Assim, nas 224 páginas do livro, a infância de Tizumba e sua formação sócio-cultural-filosófica-espiritual misturam-se, em meio a fotos, rabiscos e bilhetes, com histórias de sua caminhada artística na televisão, no teatro, nos bares e ruas de Belo Horizonte. “A música vem de criança, porque eu já era envolvido com o congado e o candomblé. Na infância, nas escolas e na televisão, eu cantava artistas negros como Agnaldo Timóteo, Jorge Ben e Simonal. Foi só nos bares que eu vi que podia misturar, no meu trabalho, influências das religiões de matriz africana”.

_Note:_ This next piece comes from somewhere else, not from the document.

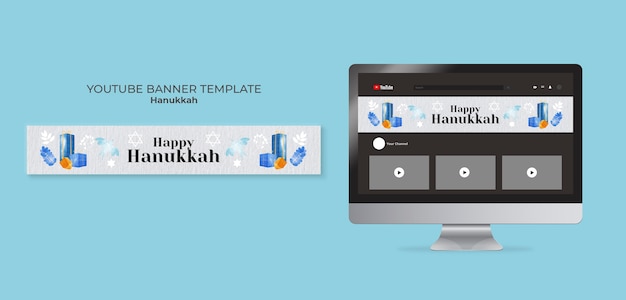 PSD grátis modelo de banner do youtube para a celebração de hanukkah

O começo da carreira nos bares – cujos bilhetes que recebia enfeitam o livro – são destaque para o artista mineiro. “O bar, para mim, é tudo. É o que deu o start na minha carreira. No bar, você não é o centro das atenções. As pessoas estão ali para namorar, beber, comer e, depois, pela música. Mas como minha música sempre foi muito performática, consigo subir uns graus nessa escala”, pontua. “Eu comecei a trabalhar para ser notado, não só para ser assistido. Queria que as pessoas vissem que ali tinha uma coisa diferente. E elas viam”.

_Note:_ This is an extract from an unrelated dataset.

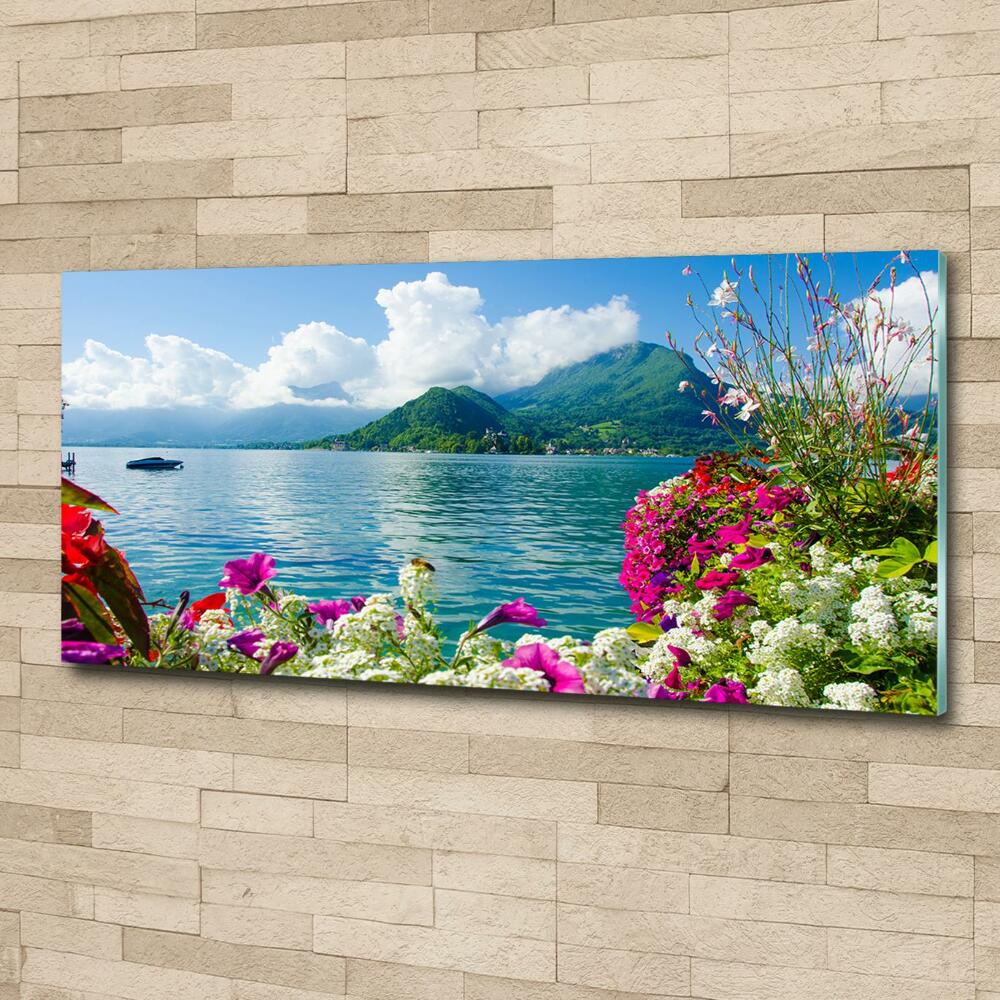 Tableau photo sur verre Fleurs au bord du lac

Criador do grupo Tambor Mineiro e da companhia de teatro Burlantins, Tizumba dá peso igual para suas frentes artísticas. “Tudo sempre caminhou junto”, sublinha o artista, que conta com cinco discos de estúdio e já gravou mais de 30 atrações televisivas e cinematográficas, entre filmes e minisséries. Mas e o congado, também está no mesmo lugar? “O congado é outra coisa. É o pulso da minha história. Tem outro sentido, espiritual, de fé”, ressalta, refutando o posto de guardião. “Que toma conta do congado são os próprios congadeiros. Por eu ser artista e congadeiro, talvez eu dê visibilidade, mas quem cuida são eles, com sua forte fé em Nossa Senhora do Rosário. Até porque nunca quis tornar o congado um espetáculo. É sagrado”, diz.

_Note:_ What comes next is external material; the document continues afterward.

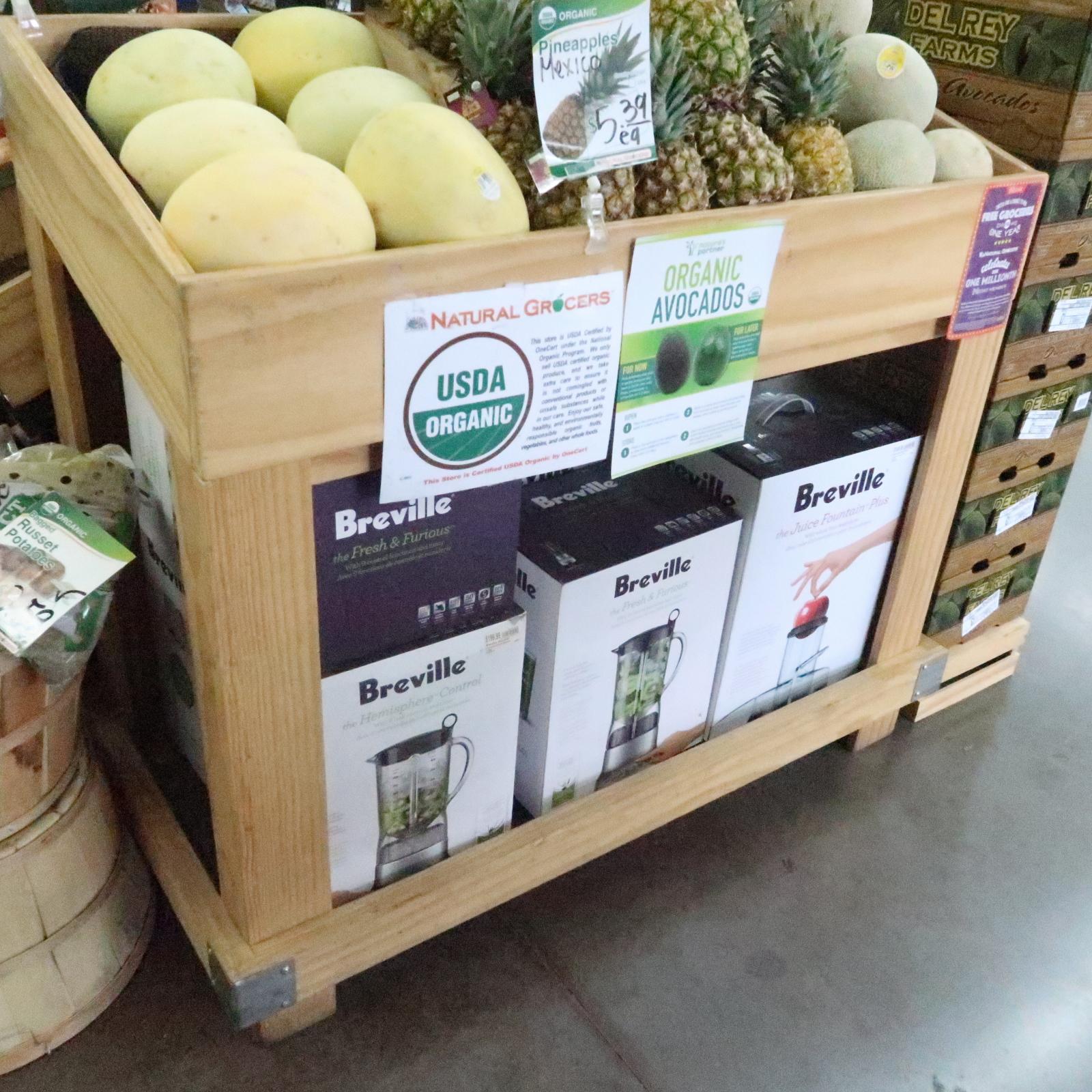 wooden produce merchandising fixture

MULTIFACETADO – Marcada pelas religiões de matriz africana, a história de Tizumba se divide em diferentes frentes artísticas (Foto: Patrick Arley/Divulgação )

Tizumba ressalta a importância de referenciar a luta e as manifestações culturais do negro

Um fator que aglutina as atuações artísticas de Tizumba é a negritude e a defesa das manifestações afro. “Com sete anos, eu cantava ‘Tributo a Martin Luther King’ sem nem entender a história. Meu envolvimento com a luta do negro aconteceu, mesmo, quando fui convidado a participar do

Movimento Negro Unificado (MNU), em 1978. Depois disso, virou o discurso do meu trabalho. Até porque não consigo fazer de outro jeito: é o meu corpo negro que está ali, no palco, na rua, na TV”.

O multiartista mineiro defende a importância das manifestações culturais e da luta do povo negro, frente ao racismo estrutural que assola o Brasil. “Veja hoje, como o racismo voltou com tudo. Por isso, não acho que o racismo vai acabar, porque o racista existe. O que tem que acabar é a falta de direitos, a falta de igualdade”, crava.

HISTÓRIA – Foto mostra Maurício Tizumba em Ouro Preto, em 1975, ano em que começou a tocar e cantar em bares (Acervo Pessoal)

“Desde que nosso povo foi sequestrado na África e jogado no mundo à própria sorte, existe uma defasagem muito grande, que só vai se resolver com as cotas. Mas o branco não entende que a gente precisa de reparação histórica. Não entende que o bisavô dele roubou o meu, que a pele clara dele abre portas, que ele pode roubar e colocar a culpa em mim”.

Nesta toada, Tizumba ressalta que é preciso referenciar as origens da cultura do tambor em BH, hoje alastrada pelo carnaval de rua – e que encontrou identidade no termo tilelê, popularizado por uma música sua. “As pessoas falam que são tilelês sem nem saber o que significa. Tilelê não é usar brinco e saia rodada. São refrões onomatopéicos de cantigas congadeiras. Têm vários tilelês, muita gente acha que é só o que eu gravei na música”, afirma. “Eu acho legal quando as pessoas se identificam e chegam para brincar e dançar. Afinal, a gente trabalha para isso. O que não pode acontecer é sequestrarem nossa arte e nossa fé para braquear a história”.

O show de Maurício Tizumba e Sérgio Pererê acontece na próxima sexta-feira, às 20h30, no Teatro do Centro Cultural Minas Tênis Clube (r. da Bahia, 2.244 – Lourdes). Os ingressos custam R$ 20 (inteira) e R$ 10 (meia-entrada). No lançamento, o livro será vendido a R$ 30.